Should they? Really? Neither Joseph nor Daniel chose their respective posts. Granted, God in his wisdom used these two men to fulfill his greater purpose of redemption, but this is a far cry from hearing a call from God to “serve one’s country.” The same can be said of the Good Samaritan, whom Keller cites as well. This neighbor models an entirely different kind of politics, in direct opposition to the exclusionary politics of his day.
In my mind, Keller misses the radical otherness of true gospel politics. Indeed, to be a follower of Christ is to be political, but not in the usual sense of employing power to achieve certain ends. The way Jesus gets things done is not by manipulating the political process but by washing other’s feet. Jesus defeats the principalities and powers, not by force of law, but on the cross. He subverts the world’s very modus operandi: “The kings of the Gentiles lord it over them; and those who exercise authority over them call themselves benefactors. But you are not to be like that” (Luke 22:25).
It is by the meekness and gentleness of Christ, Paul writes, that we make our appeal to justice and truth. We do not live “by the standards of this world,” nor do we “wage war as the world does,” he says (2 Cor. 10:1–5). For as salt and light, it is the testimony of who we are – our good deeds (Matt. 5:16) and good lives (1 Peter 2:11) – through which God turns the world into a better place.
The life of the church is not only a political alternative, but a political answer.
The early church understood this. Accused of being subversives, disloyal to Caesar for refusing to serve his court, the earliest Christians believed that the best service they could provide the state was to be the church. Origen argued that it was “not for the sake of escaping public services that Christians shun such things,” but so that nonbelievers “may become engaged in the serious words and works of faith, and thus, truly worshipping God and training as many as they have power to, may be mingled with the Word of God.”

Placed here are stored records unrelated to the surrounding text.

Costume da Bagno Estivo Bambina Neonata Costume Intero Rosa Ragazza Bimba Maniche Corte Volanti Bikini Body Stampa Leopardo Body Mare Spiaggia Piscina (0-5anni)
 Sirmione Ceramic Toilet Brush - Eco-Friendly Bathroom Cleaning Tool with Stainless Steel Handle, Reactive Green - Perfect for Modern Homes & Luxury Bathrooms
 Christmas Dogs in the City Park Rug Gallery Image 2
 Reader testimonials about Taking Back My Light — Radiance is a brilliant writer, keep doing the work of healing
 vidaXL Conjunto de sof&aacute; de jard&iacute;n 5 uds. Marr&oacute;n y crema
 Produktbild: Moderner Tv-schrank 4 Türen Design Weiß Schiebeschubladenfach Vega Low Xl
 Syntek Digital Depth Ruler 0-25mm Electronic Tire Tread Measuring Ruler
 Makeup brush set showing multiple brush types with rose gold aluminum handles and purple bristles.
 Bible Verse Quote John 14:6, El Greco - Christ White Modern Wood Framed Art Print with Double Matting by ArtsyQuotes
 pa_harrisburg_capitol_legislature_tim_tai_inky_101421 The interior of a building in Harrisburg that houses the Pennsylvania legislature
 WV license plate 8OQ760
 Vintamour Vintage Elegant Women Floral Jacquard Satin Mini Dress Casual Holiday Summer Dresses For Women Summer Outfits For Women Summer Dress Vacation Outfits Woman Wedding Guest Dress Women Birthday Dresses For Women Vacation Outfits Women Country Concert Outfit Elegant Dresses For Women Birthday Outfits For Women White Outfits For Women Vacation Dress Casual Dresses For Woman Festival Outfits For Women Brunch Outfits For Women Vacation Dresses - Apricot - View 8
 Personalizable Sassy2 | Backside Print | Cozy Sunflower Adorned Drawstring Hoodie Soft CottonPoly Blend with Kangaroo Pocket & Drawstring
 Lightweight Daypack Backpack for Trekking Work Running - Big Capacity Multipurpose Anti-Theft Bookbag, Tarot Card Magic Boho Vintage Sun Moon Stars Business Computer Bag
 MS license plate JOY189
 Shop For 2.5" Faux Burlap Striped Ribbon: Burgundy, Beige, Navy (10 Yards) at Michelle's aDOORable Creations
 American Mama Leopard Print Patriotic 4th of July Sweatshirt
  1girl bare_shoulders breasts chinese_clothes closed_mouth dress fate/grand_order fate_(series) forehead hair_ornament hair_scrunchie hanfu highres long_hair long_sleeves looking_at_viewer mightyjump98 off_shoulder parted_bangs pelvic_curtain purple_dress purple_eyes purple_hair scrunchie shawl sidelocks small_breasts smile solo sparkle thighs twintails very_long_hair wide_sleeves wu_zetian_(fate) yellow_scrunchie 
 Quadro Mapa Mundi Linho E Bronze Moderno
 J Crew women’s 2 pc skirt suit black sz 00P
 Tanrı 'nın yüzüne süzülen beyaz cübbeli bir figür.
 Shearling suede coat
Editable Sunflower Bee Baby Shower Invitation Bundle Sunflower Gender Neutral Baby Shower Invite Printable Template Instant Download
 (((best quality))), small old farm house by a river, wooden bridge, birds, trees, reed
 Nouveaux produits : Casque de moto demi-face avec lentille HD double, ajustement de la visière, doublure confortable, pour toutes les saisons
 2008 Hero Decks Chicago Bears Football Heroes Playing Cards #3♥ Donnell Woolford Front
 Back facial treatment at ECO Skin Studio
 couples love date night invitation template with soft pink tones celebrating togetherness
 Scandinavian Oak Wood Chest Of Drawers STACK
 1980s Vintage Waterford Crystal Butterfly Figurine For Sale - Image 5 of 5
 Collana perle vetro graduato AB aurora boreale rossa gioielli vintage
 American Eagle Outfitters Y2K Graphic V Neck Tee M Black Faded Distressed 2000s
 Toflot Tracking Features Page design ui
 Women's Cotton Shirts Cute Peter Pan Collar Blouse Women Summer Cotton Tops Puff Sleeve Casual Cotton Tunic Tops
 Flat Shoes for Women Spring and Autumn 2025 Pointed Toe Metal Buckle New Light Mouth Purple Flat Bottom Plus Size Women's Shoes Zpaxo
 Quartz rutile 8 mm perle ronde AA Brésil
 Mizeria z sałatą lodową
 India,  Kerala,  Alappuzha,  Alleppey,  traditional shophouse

God’s politics is not about the legislating of good and better laws, or by voting in godly political leaders, but in living such remarkable lives that others feel compelled to engage God’s politics.
This is what Clarence Jordan, founder of the interracial community Koinonia Farm, tried to do. As much as he respected the civil rights movement, he was saddened how the racial struggle was playing out:
I can hardly take it at times when the whole integration struggle is being fought, not in the household of God, but in the bus depots, sitting around Woolworth’s counter, arguing over whether you can eat hamburger and drink Cokes together, when we ought to be sitting around Jesus’ table drinking wine and eating bread together. It just burns me up that we Christians with the word of God in our hearts have to be forced to sit around Woolworth’s table and that we still segregate Christ’s table.
Jordan’s point? The church is sidetracked because it has become both compromised and complicit. Its political energies are thus misplaced. Its failure to be a faithful witness and example of God’s beloved community, where all are included and where his professed worshipers live justly together, is not just an indictment, but a wake-up call to re-engage the politics of Jesus. The Sermon on the Mount, not the halls of Congress, holds the key to racial reconciliation.
When the church is committed to being God’s politic, then Christians won’t fit into any worldly system – Two-Party or otherwise. The church, by its very life, is political. When it models mutual participation, economic justice, the things that make for peace, healthy marriages, and taking care of each other from cradle to grave, it serves as a reminder that God’s politics is something other than the world’s. The life of the church is not only a political alternative, but a political answer. Let us fix our eyes, therefore, on who we as the church are called to be. Anything less is a distraction, if not a downright delusion.